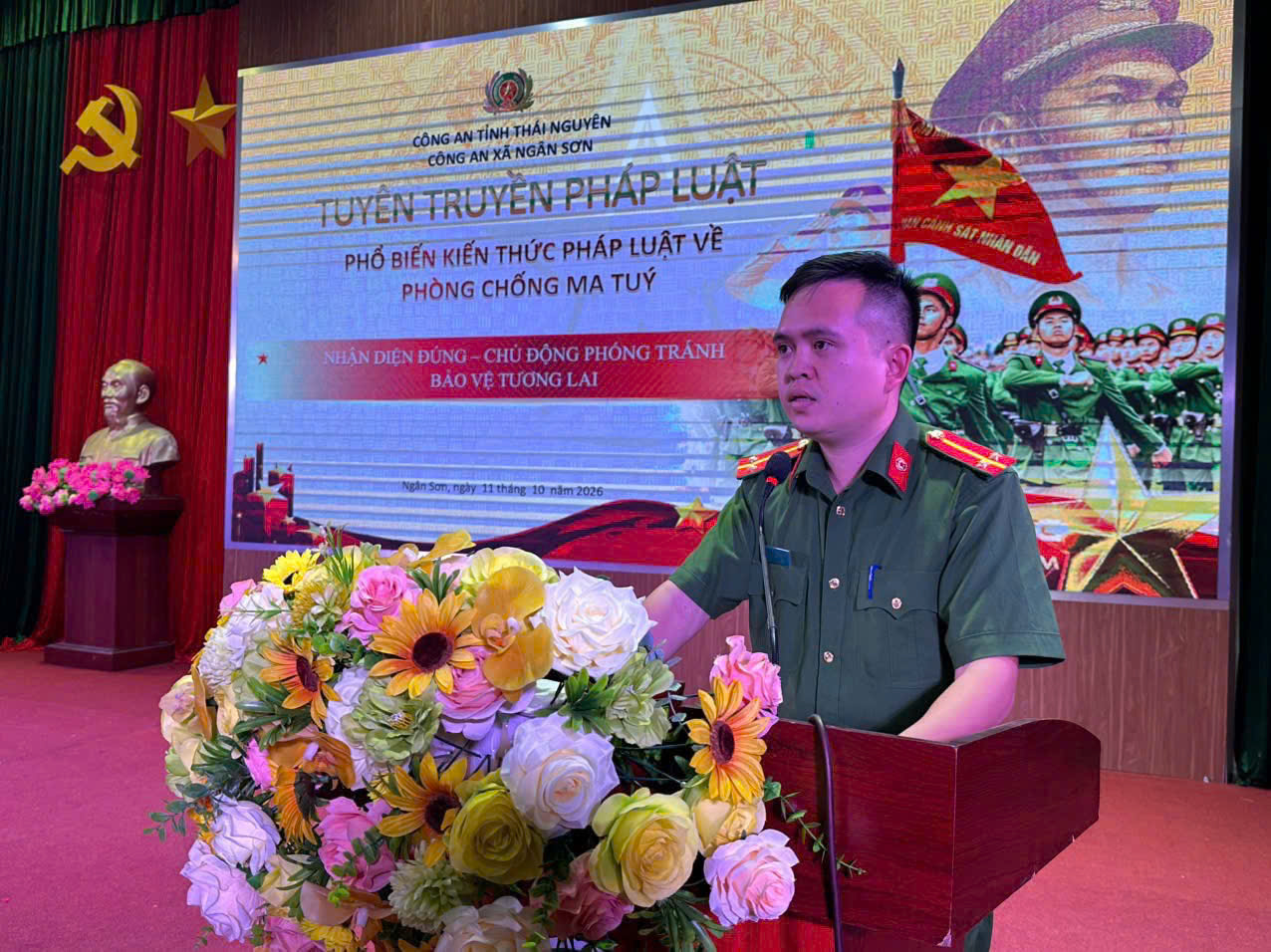 Cán bộ Công an xã Ngân Sơn tuyên truyền pháp luật về Phòng, chống ma tuý.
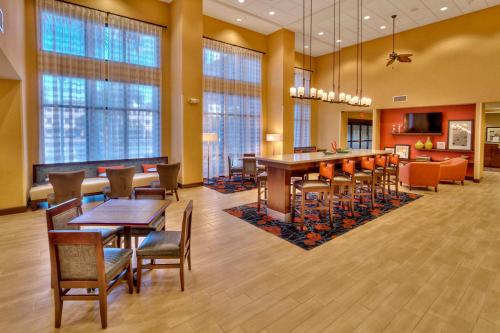 Hampton Inn & Suites Fort Myers Estero - image 10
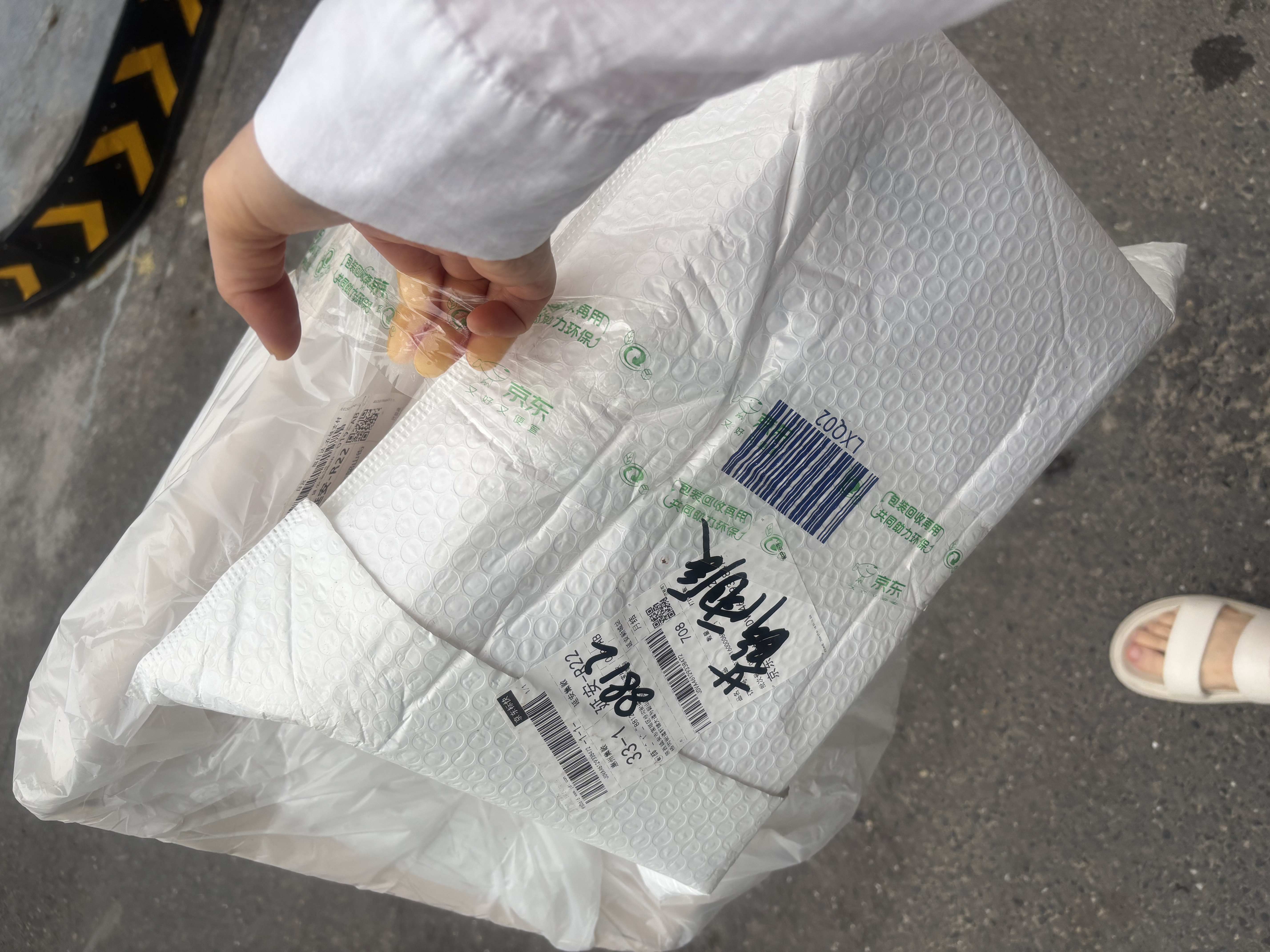 英科医疗（INTCO）一次性手套100只S码PVC手套餐饮厨房清洁防水家务洗碗手套 实拍图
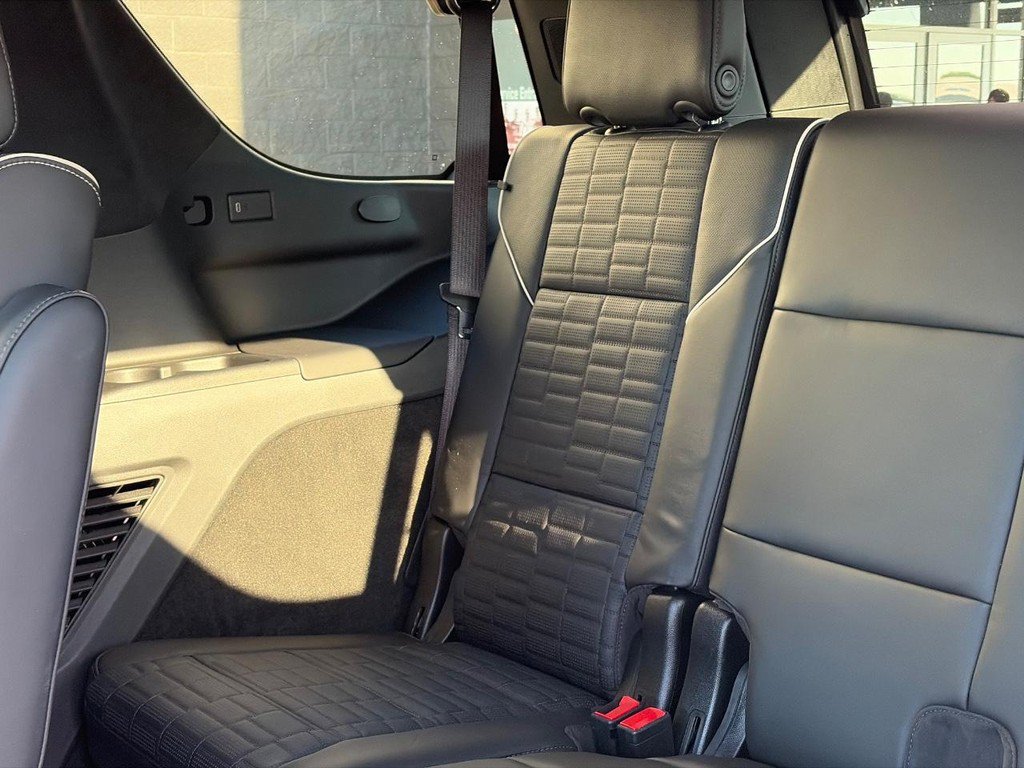 New 2026 Cadillac Escalade V w/ LPO, ONYX Package AWD/4WD image 17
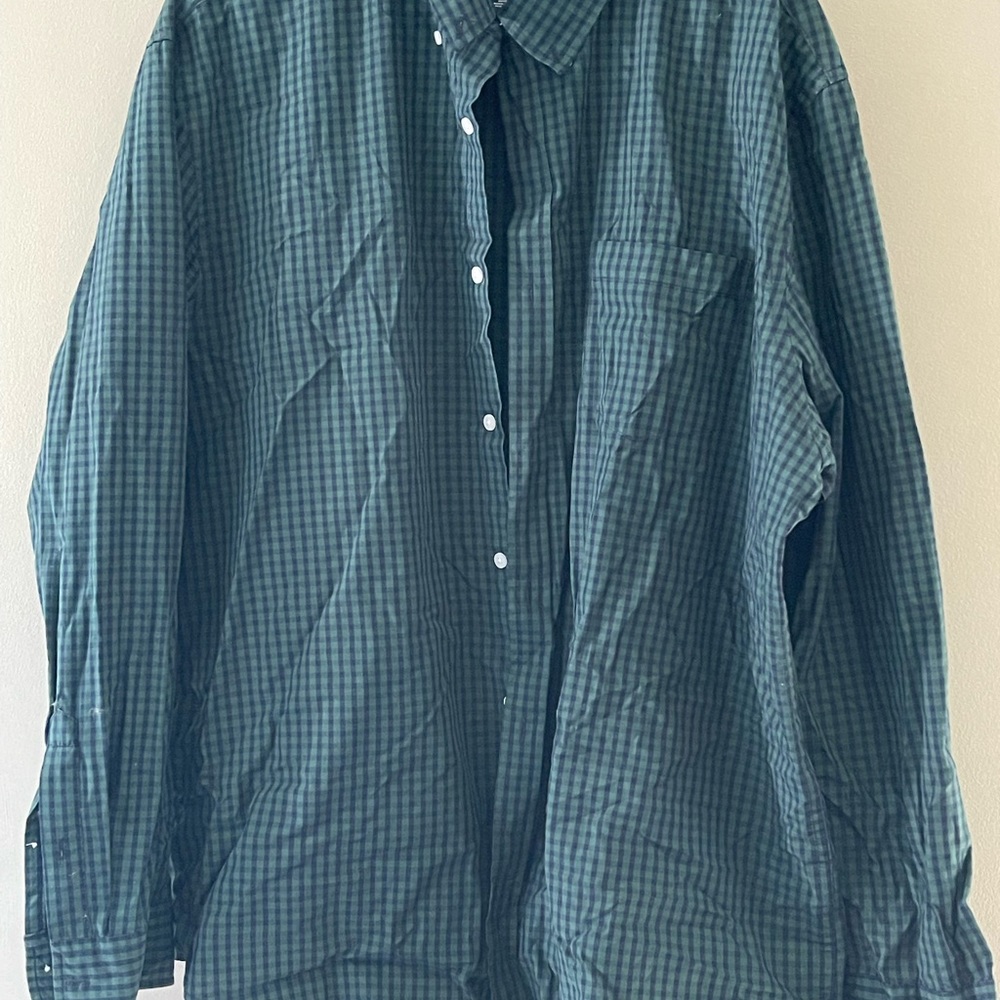 St. Johns’s Bay Men’s Button Down Shirt XXL - Green and Navy Check
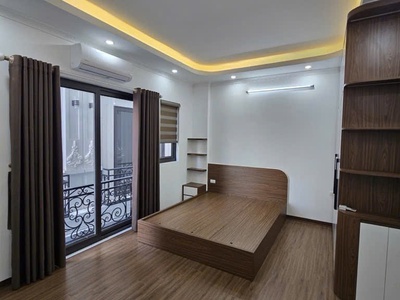 Nhà đẹp 5 tầng ô tô cách 1 nhà ra mặt phố thuỵ phương, bắc từ liêm 33m2 giá 7.5 tỷ 2
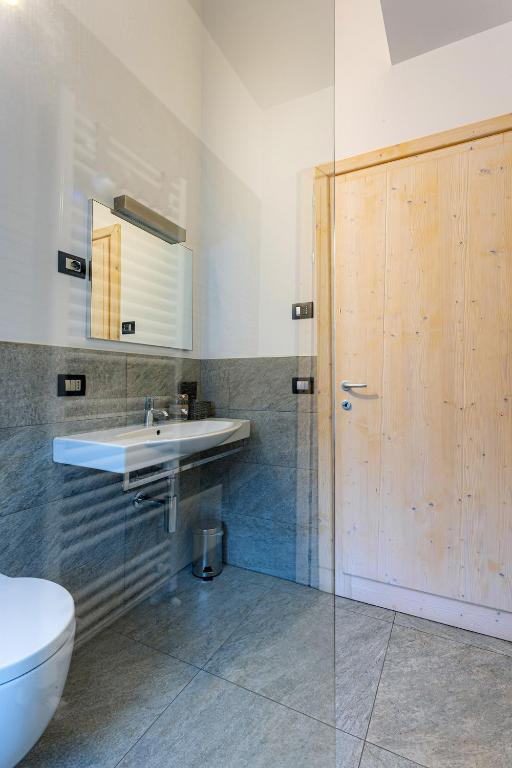 Koupelna v ubytování Arbulé Agriturismo & Spa Valtellina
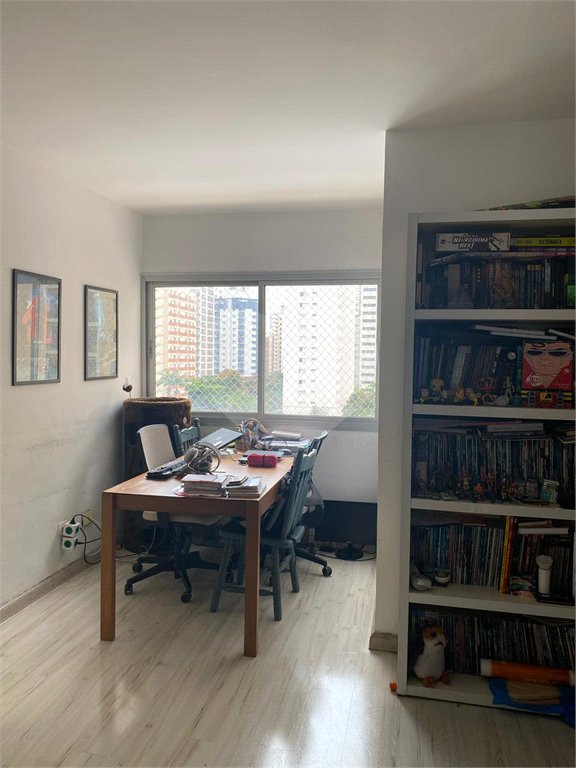 Apartamento à venda com 2 quartos, sendo 1 suíte,  em Indianópolis, São Paulo, SP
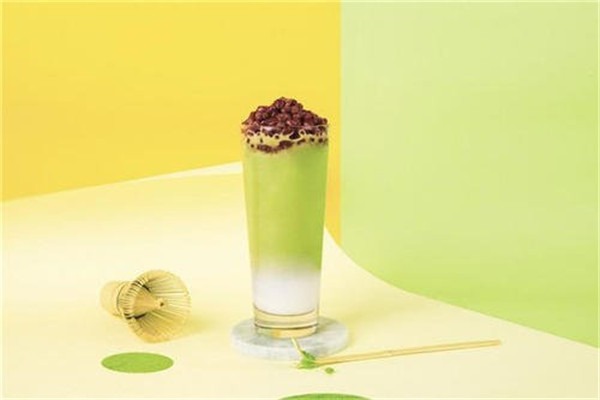 小節(jié)拍豆腐鮮奶茶加盟
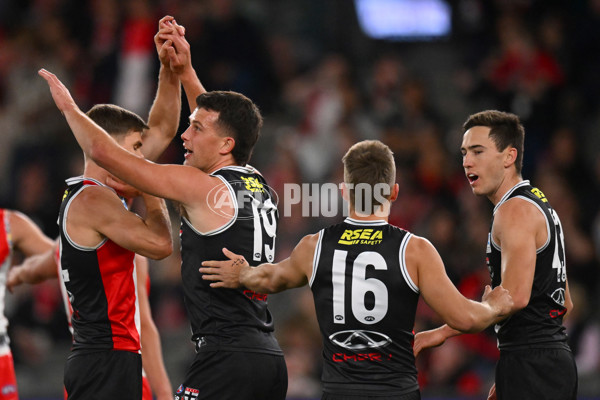 AFL 2024 Round 17 - St Kilda v Sydney - A-51680836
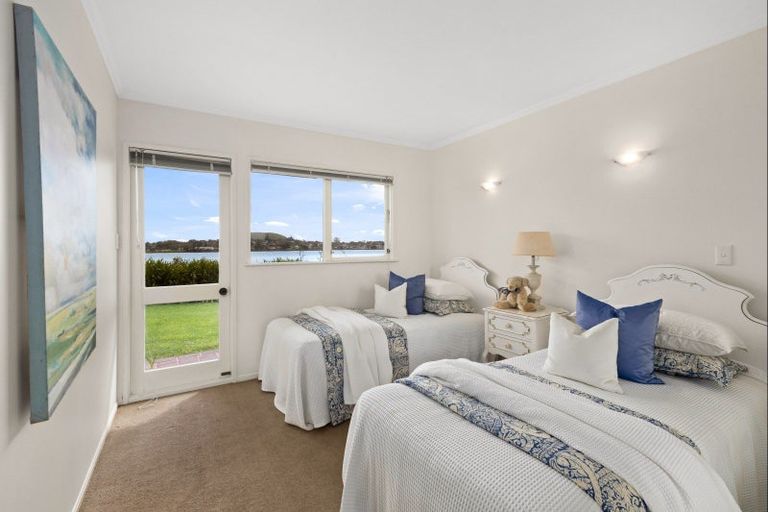 Photo of property in 30 Sanctuary Point, Sunnyhills, Auckland, 2010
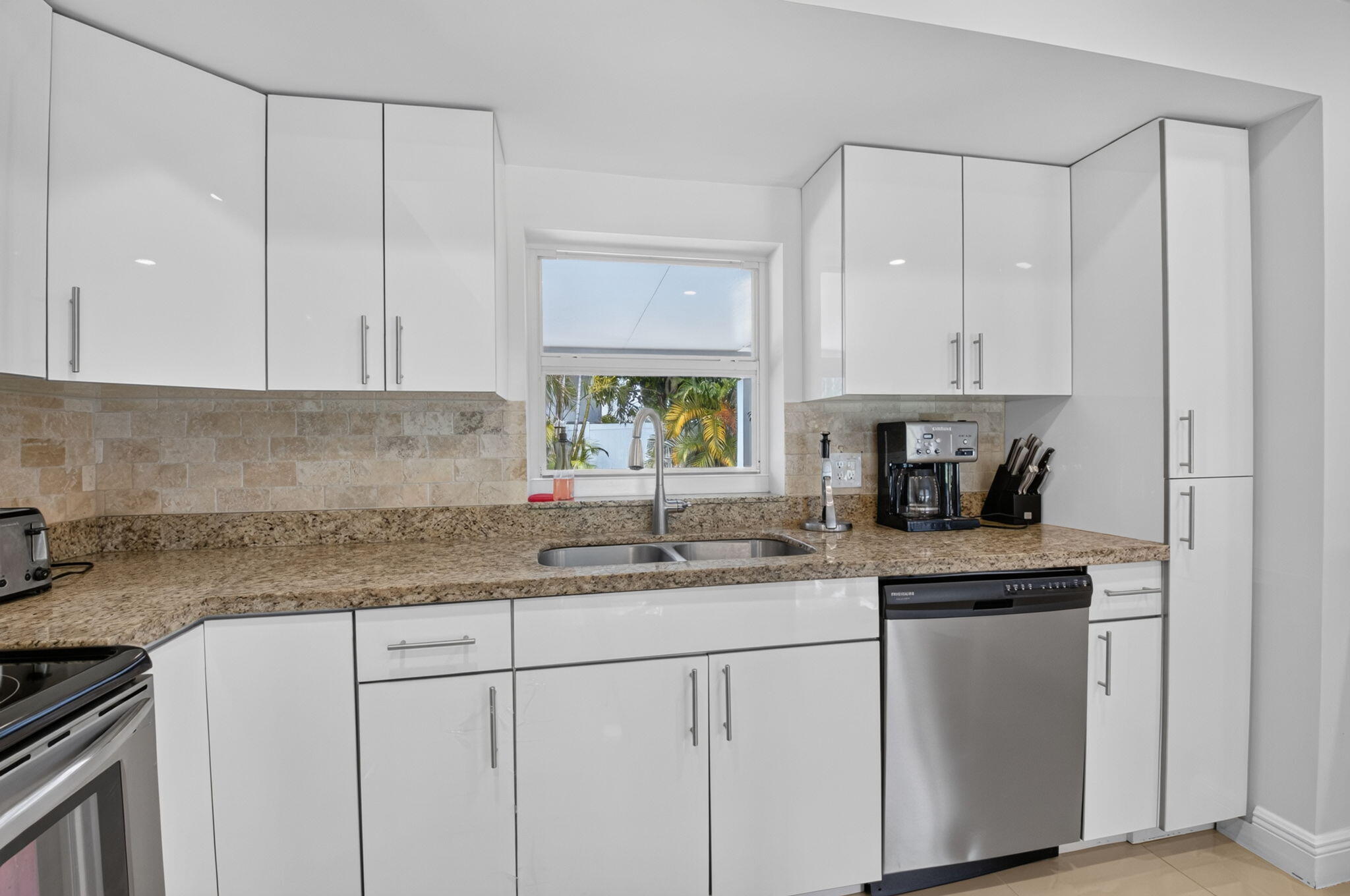 700 NE 70th, Boca Raton FL 33487
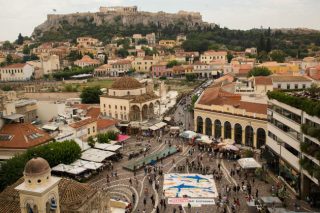 Ψηφιδωτό με 10.000 πλαστικά ποτήρια καφέ από την Greenpeace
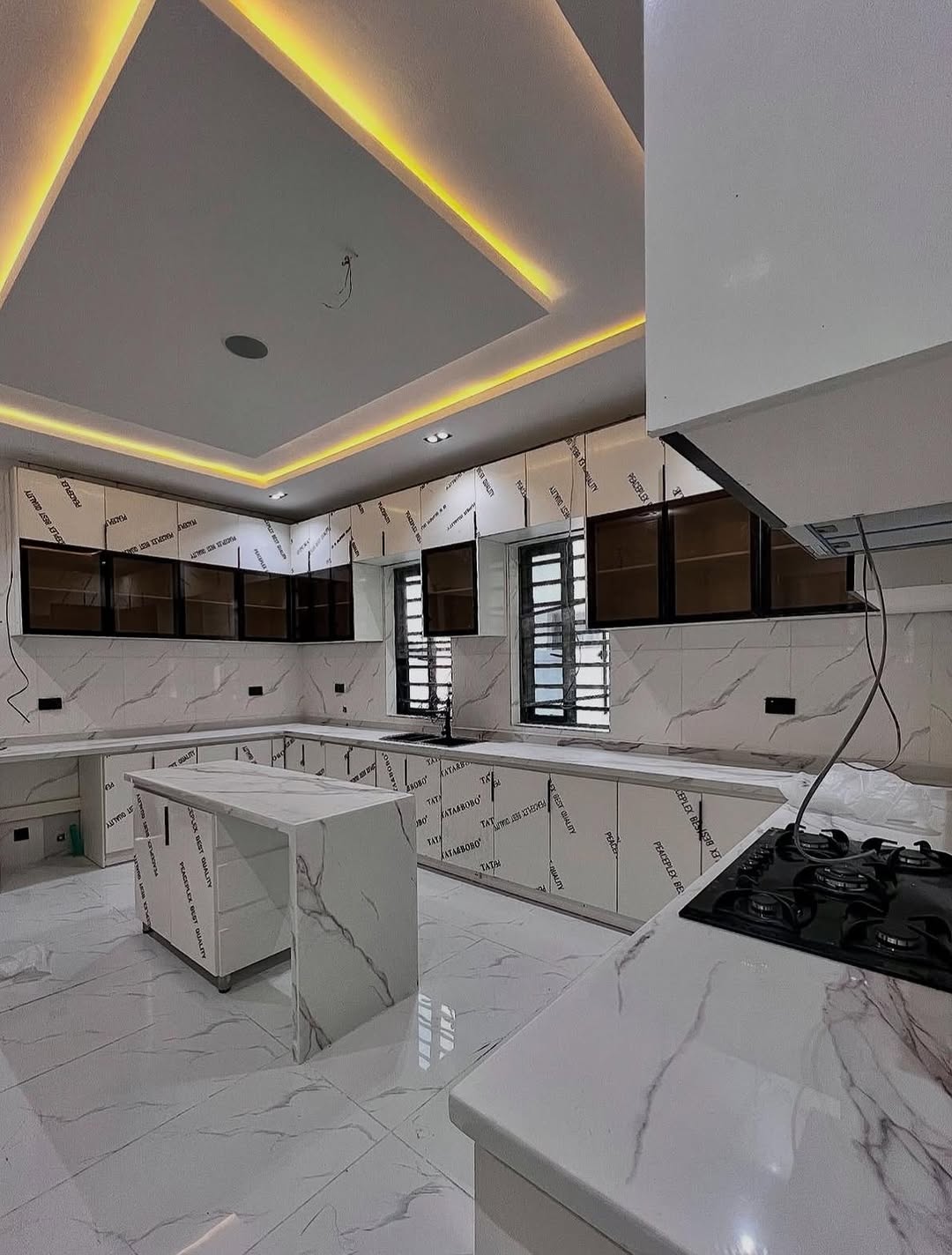 Elegant 5-Bed Estate Home with Resort-Style Pool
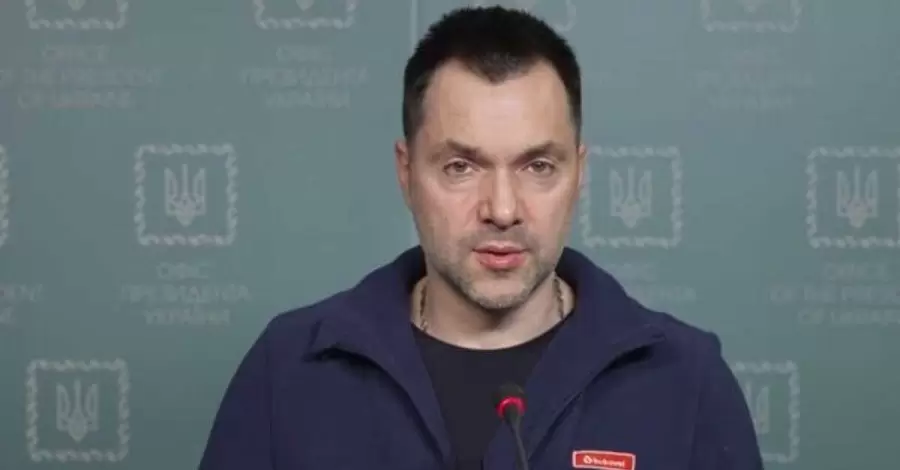 Арестович заявив, що війська РФ підуть за трьома напрямками: зона ООС, Маріуполь та Херсон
################
▶ **EXERCISE INSTRUCTIONS**:
Exactly and only the lines from the one holding "Ψηφιδωτό με 10.000" through the final line of the material must be returned, both ends included, without any pictures.

▶ **PROBLEM SOLUTION**:
 Ψηφιδωτό με 10.000 πλαστικά ποτήρια καφέ από την Greenpeace
 Elegant 5-Bed Estate Home with Resort-Style Pool
 Арестович заявив, що війська РФ підуть за трьома напрямками: зона ООС, Маріуполь та Херсон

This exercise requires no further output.